今回はペパボのSREが普段利用している便利なツールの紹介を通し、具体的な業務の内容について知っていただこうと思います。
Kubernetes関連
SRE は各サービス事業部のKubernetesクラスタの管理者でもあります。 日常的なクラスタの維持管理や、トラブルシュートに対応します。
stern
sternは複数のPodのログをまとめて見ることができるツールです。
kubectl logs
を使ってPodのログをみる場合、Podの正確な名前を指定する必要があり手間です。
sternはPod名の一部だけの指定をすれば一致するPodのログをtailできます。
kubectl-neat
kubectl-neatはデプロイしたリソースに追加されるUIDなどの情報を削除してくれるツールです。 設定の確認の際に見やすい上、既存のリソースからmanifestを作成して他のnamespaceやクラスタにデプロイする際に重宝します。
### 冗長な情報が加えられたsecret
$ kubectl get secret example-secret -o yaml
apiVersion: v1
data:
my-secret: YWJjZGVmZw==
kind: Secret
metadata:
creationTimestamp: "2022-06-09T14:12:11Z"
name: example-secret
namespace: akichan
resourceVersion: "772536770"
uid: 1bc75771-c0cd-4758-99b6-6d840192bbd9
type: Opaque
### kubectl-neatを利用して不要な情報を削除
$ kubectl get secret example-secret -o yaml | kubectl neat
apiVersion: v1
data:
my-secret: YWJjZGVmZw==
kind: Secret
metadata:
name: example-secret
namespace: akichan
type: Opaque
kubectl-view-secret
KubernetesのSecretリソースのデータはBase64でエンコードされており、値を確認する際にデコードしなくてはいけないなどやや手間です。 kubectl-view-secretを使うことで、デコードした内容を表示してくれます。

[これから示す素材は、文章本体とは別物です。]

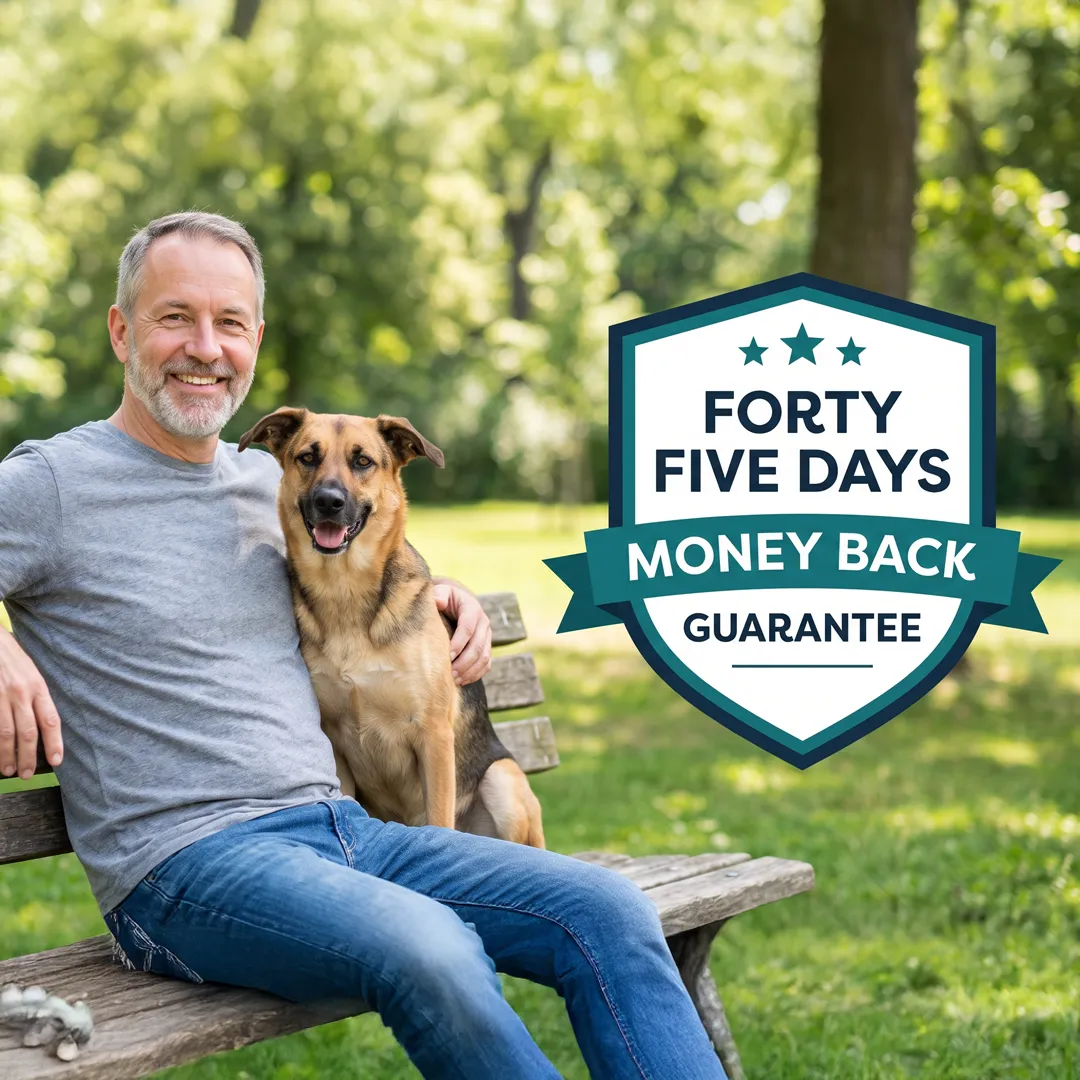 A smiling man sits with his dog on a park bench next to a money-back guarantee seal.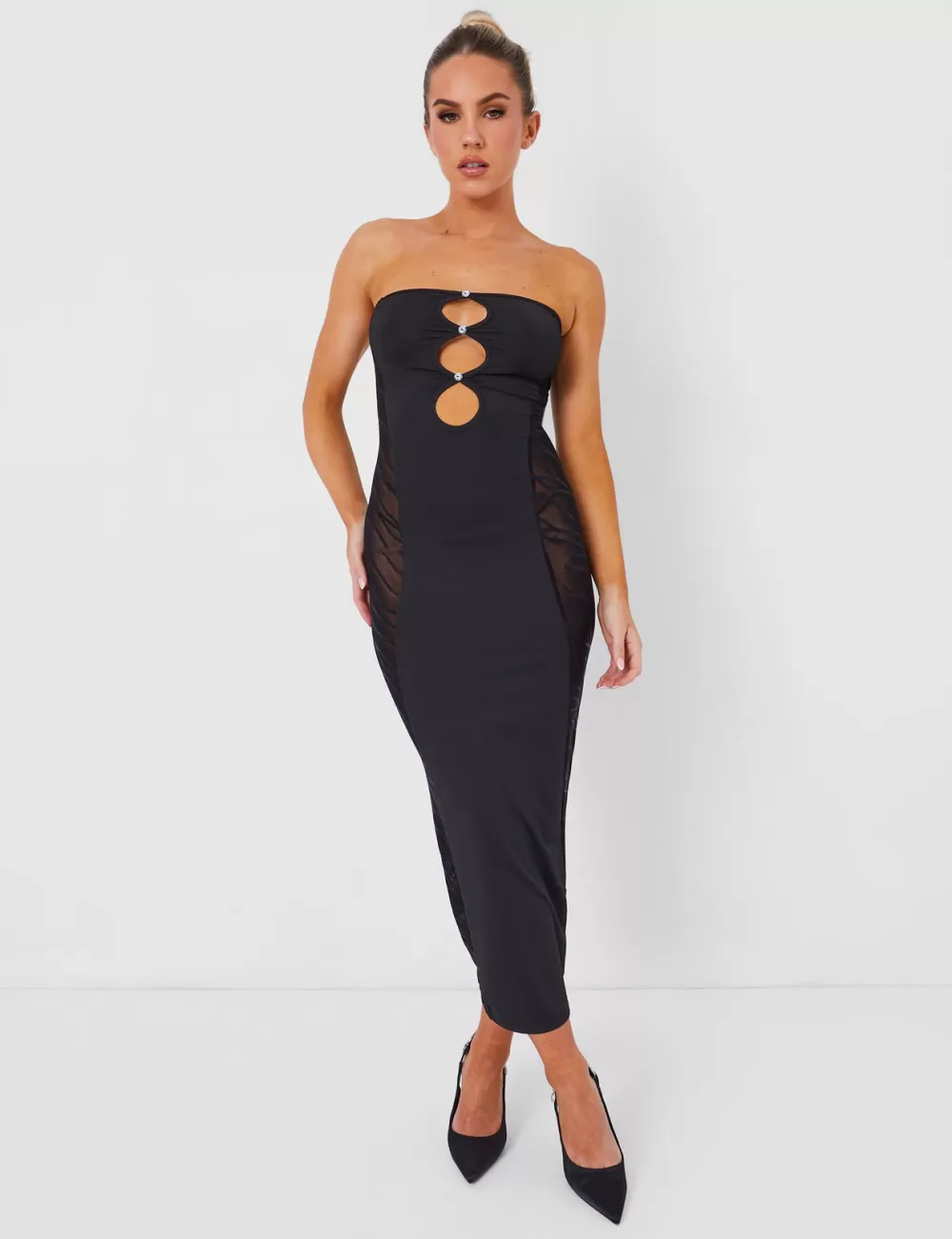 Store Public Desire Mesh Lace Bandeau Midaxi Dress Black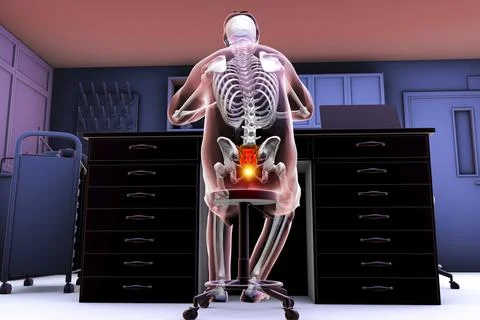 A man in a laboratory setting experiencing pain in his coccyx, conceptual 3D  Stock Illustration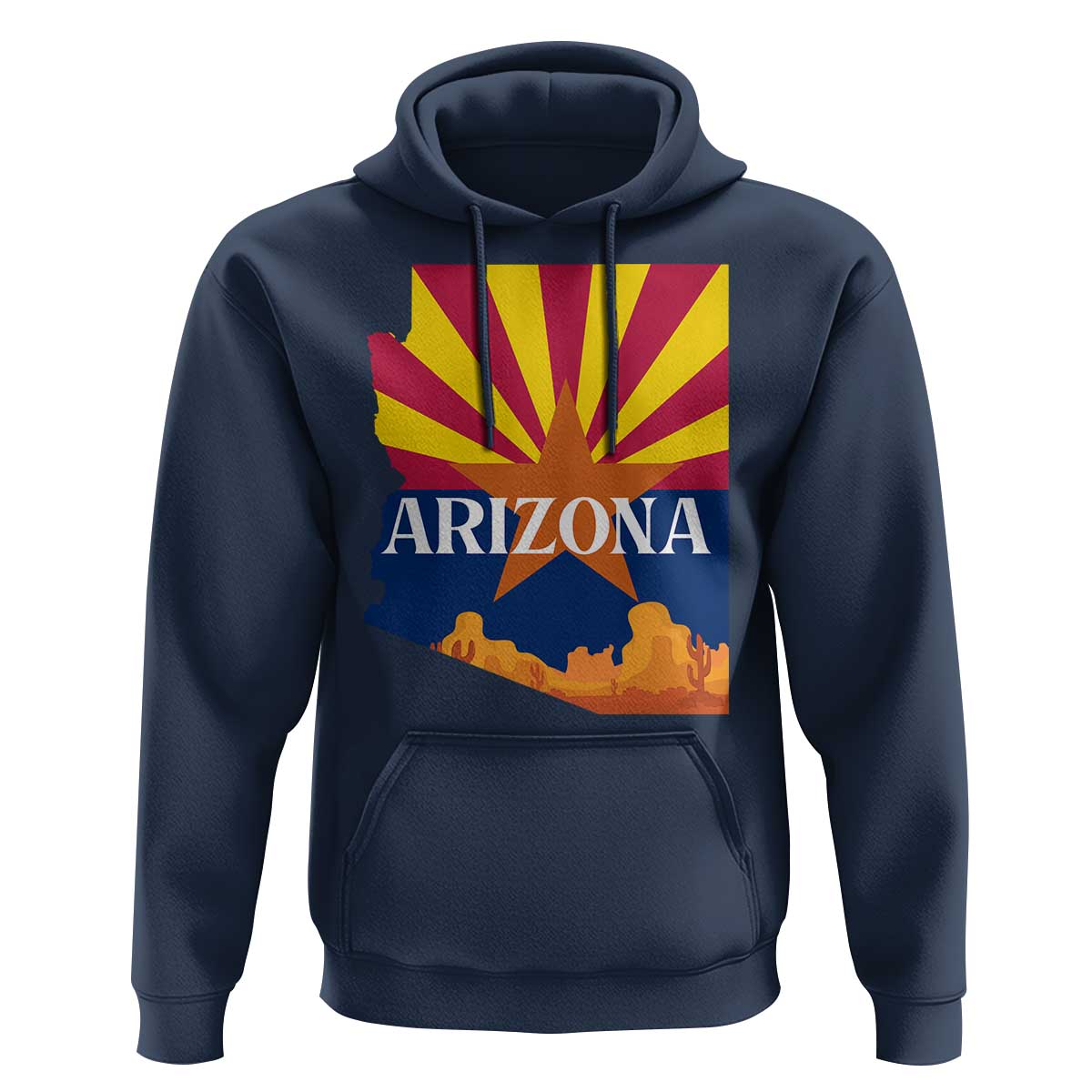 Arizona State Flag Map Graphic Hoodie Southwest Sunburst Cactus State Pride Souvenir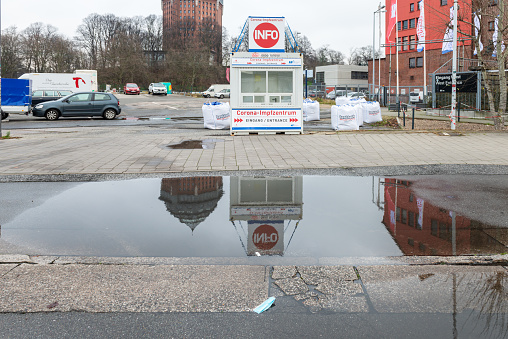 12/30/2020 Hamburg, Germany - An information booth that has not yet been set between the hamburg vaccination center and the sternschanze subway station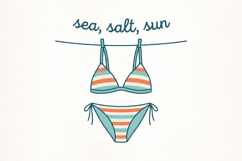 Retro Summer PNG Beach Bikini Doodle Product Image 1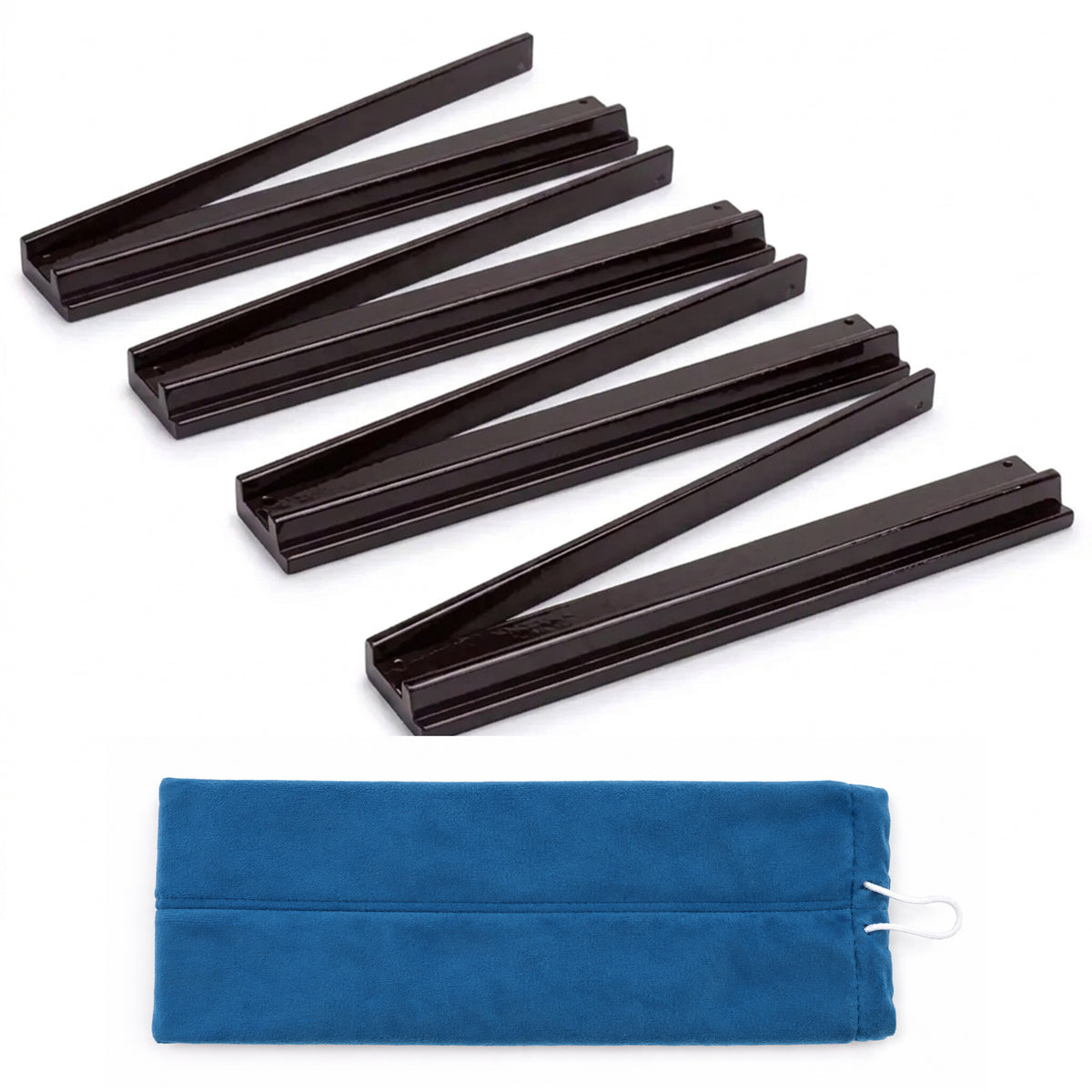 (20in.) Dark Brown Wooden Mahjong Racks with Pushers & Travel Bag - Set of 4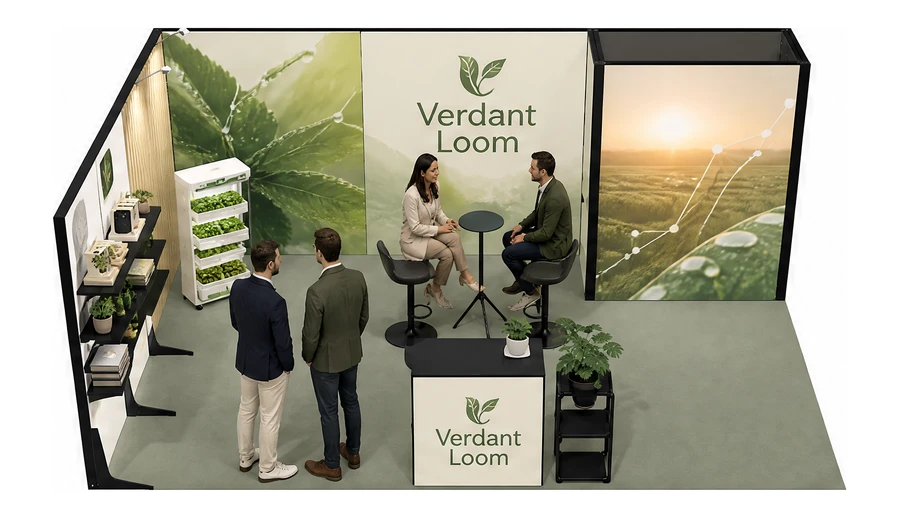 Stoisko 6 × 4 m narożne lewe dla branży sadownictwo i warzywnictwo, przykładowa marka Verdant Loom
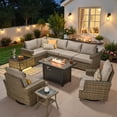 thumbnail image 3 of Ovios 10 Pieces Outdoor Patio Furniture Set with Fire Pit All-Weather Wicker Sectional with Swivel Chairs, Beige, 3 of 12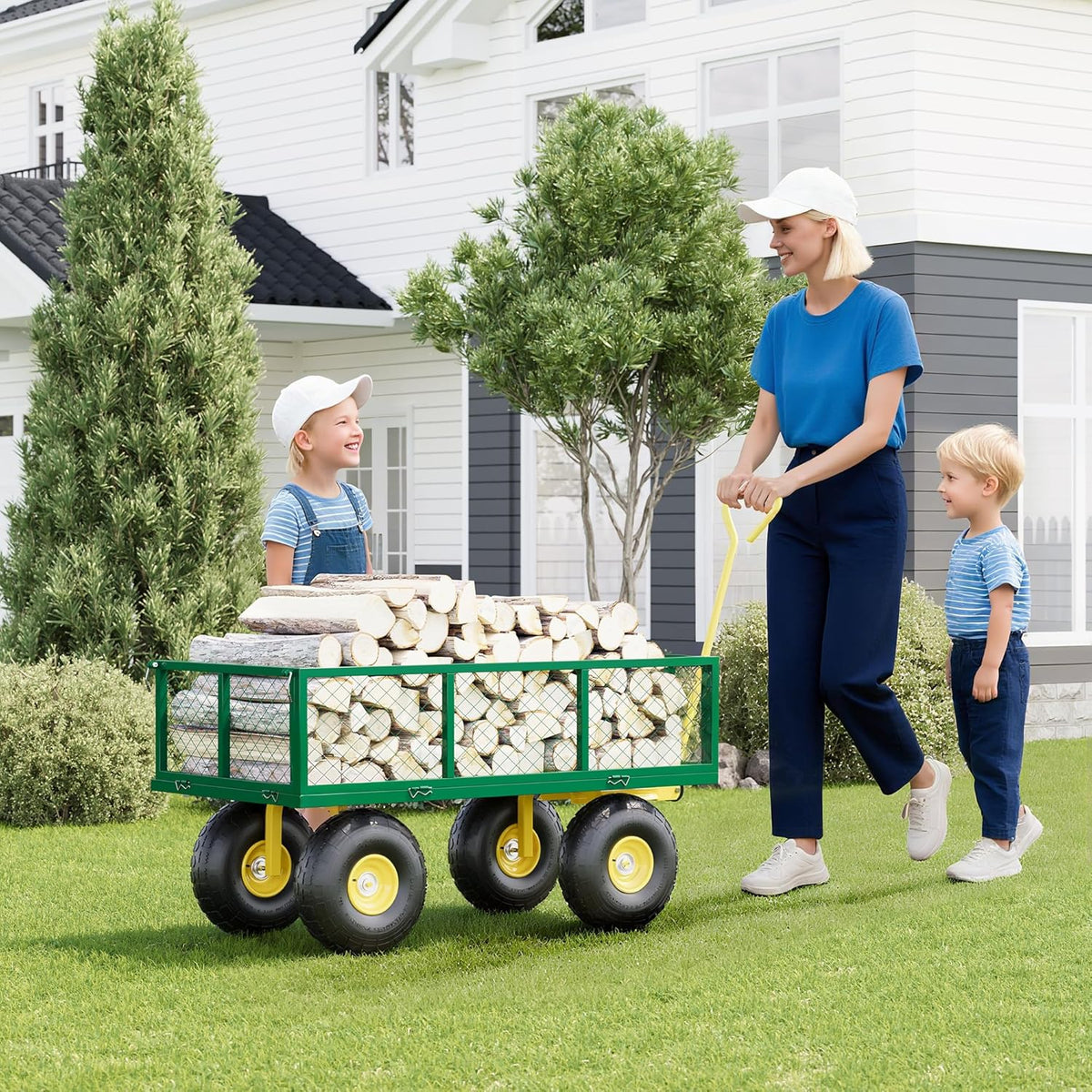 Metal Wagon - 900lbs Garden Cart with 10" Multi-Terrain Tires, 4 Removable Mesh Sides & 180° Swivel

$ kubectl get secret example-secret -o yaml | kubectl neat
apiVersion: v1
data:
my-secret: YWJjZGVmZw==
kind: Secret
metadata:
name: example-secret
namespace: akichan
type: Opaque
### デコード
$ echo 'YWJjZGVmZw==' | base64 -d
abcdefg%
### view-secret
$ kubectl view-secret example-secret
Choosing key: my-secret
abcdefg
yq
kislyuk/yqはYAML/XMLのjqラッパーで、jqのようにYAMLから値を抜き出したりすることができます。 kustomize buildの結果の複数種類のmanifestから、特定のmanifestだけを抜き出して確認したりするときに特に役立ちます。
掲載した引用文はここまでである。